Brief:
Look for the line with "Casa en venta a la laguna en Cantón norte"; please transcribe it and every later line in the entries exactly, up to the end, leaving pictures out.

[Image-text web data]
# # # # #
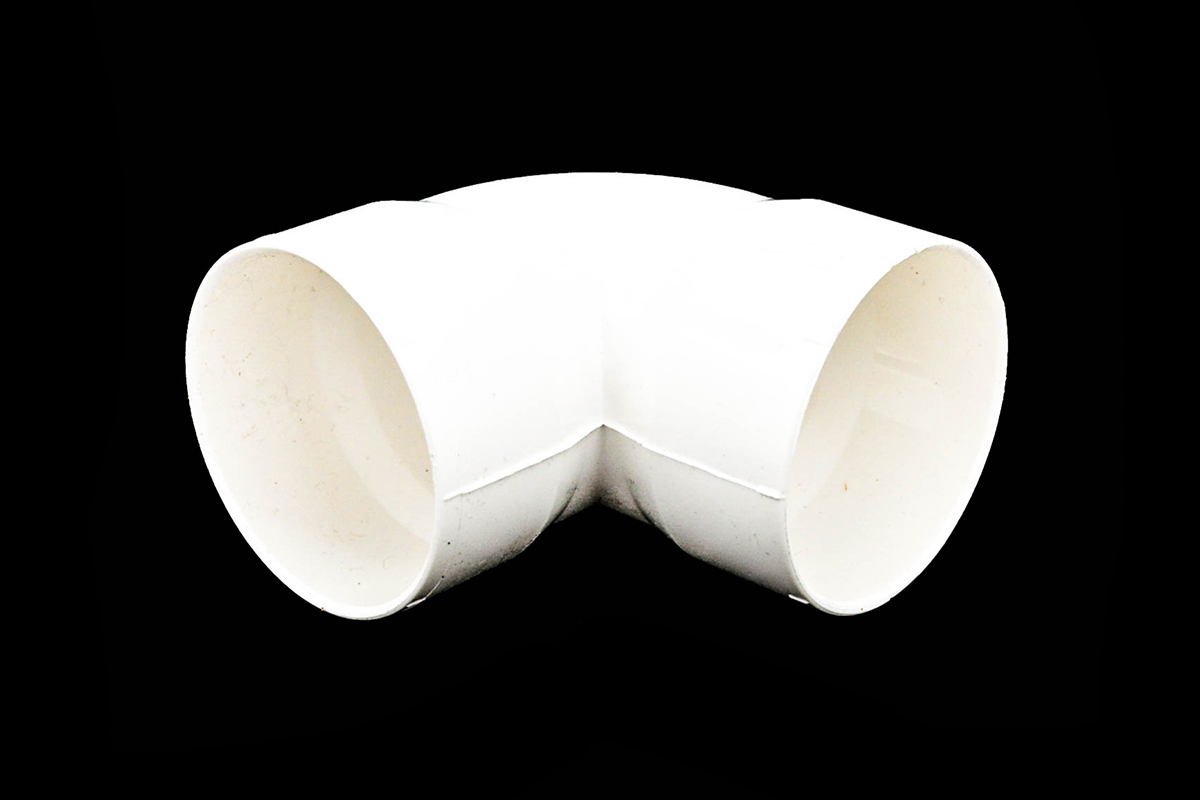 Codo de PVC 2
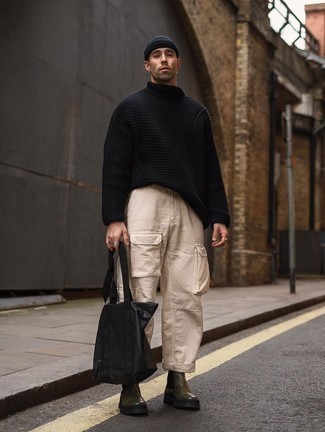 Un pull à col roulé à porter avec un pantalon cargo beige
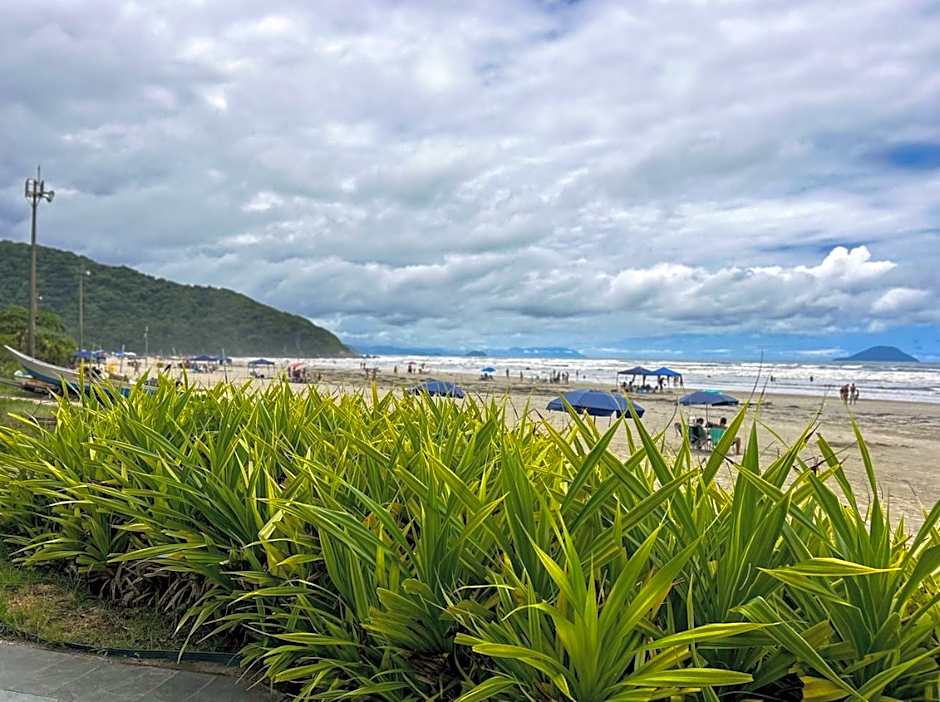 Otimo flat a beira mar na Praia de Guaratuba SP
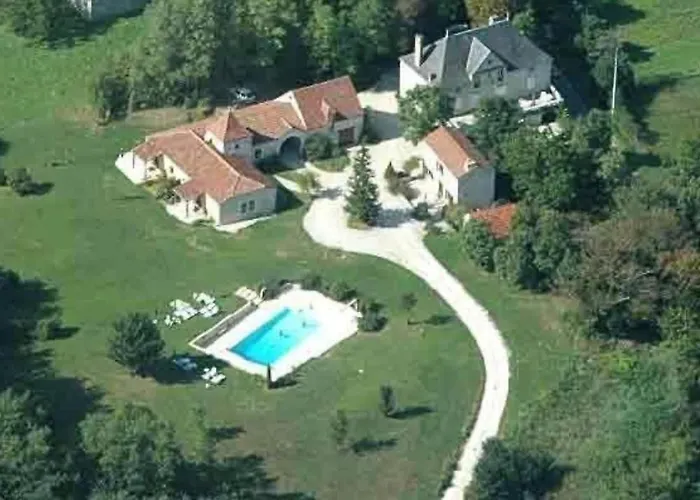 Le Rossignol Met Airco & Prive Terras Апартаменты Degagnac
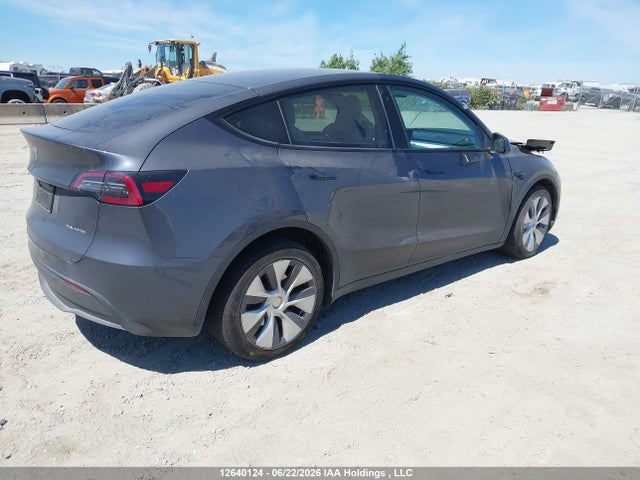 Tesla Model Y 2023 LRWYGDEE9PC103479 Image 4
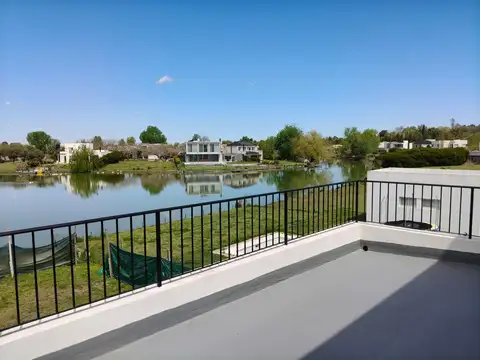 Casa en venta a la laguna en Cantón norte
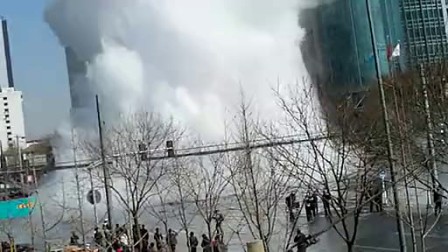 北京四道口东地热管爆裂 现场浓烟达数十米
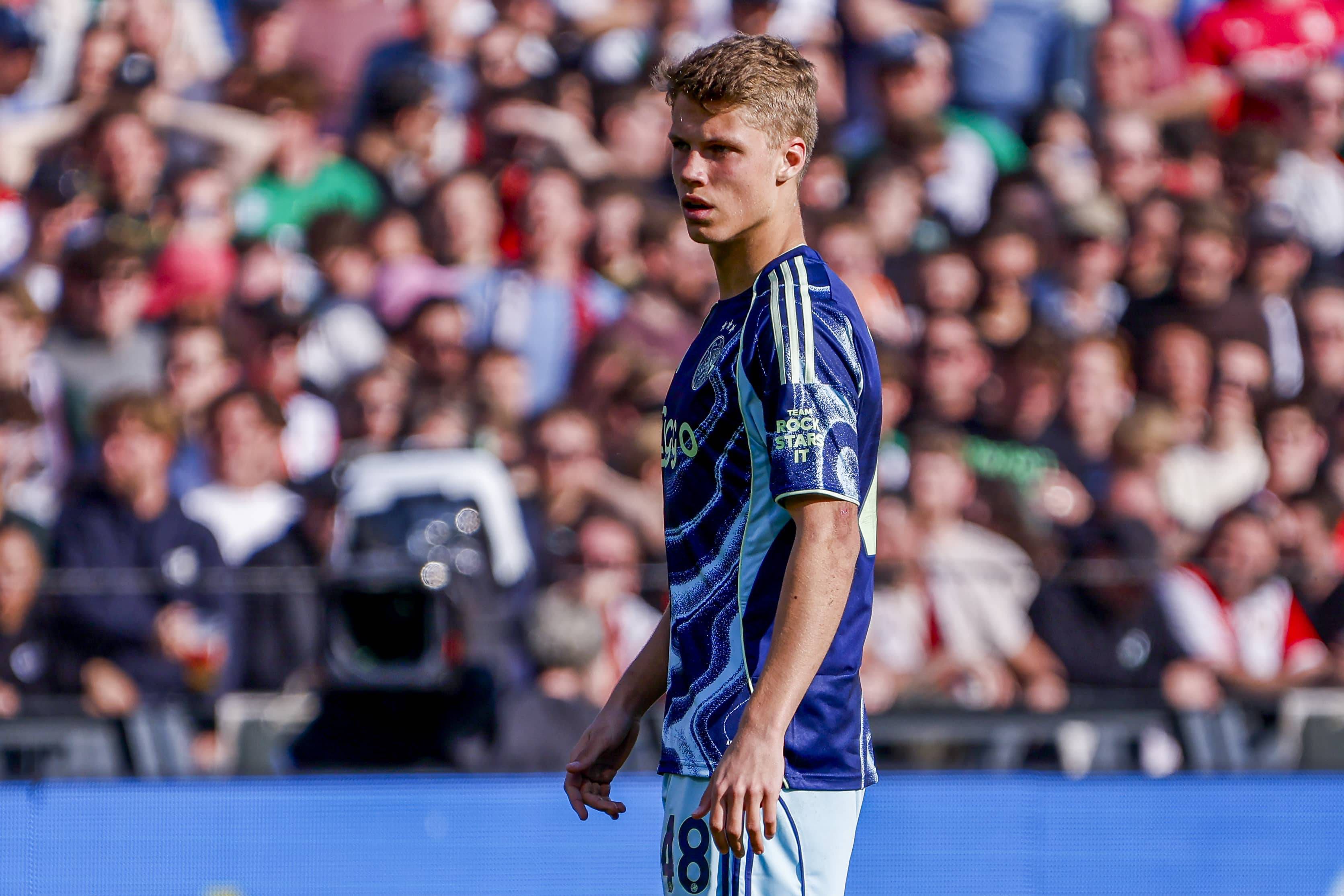 32 - Sean Steur (Ajax) - Médio de 18 anos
# # # # #
Solution to this problem:
 Casa en venta a la laguna en Cantón norte
 北京四道口东地热管爆裂 现场浓烟达数十米
 32 - Sean Steur (Ajax) - Médio de 18 anos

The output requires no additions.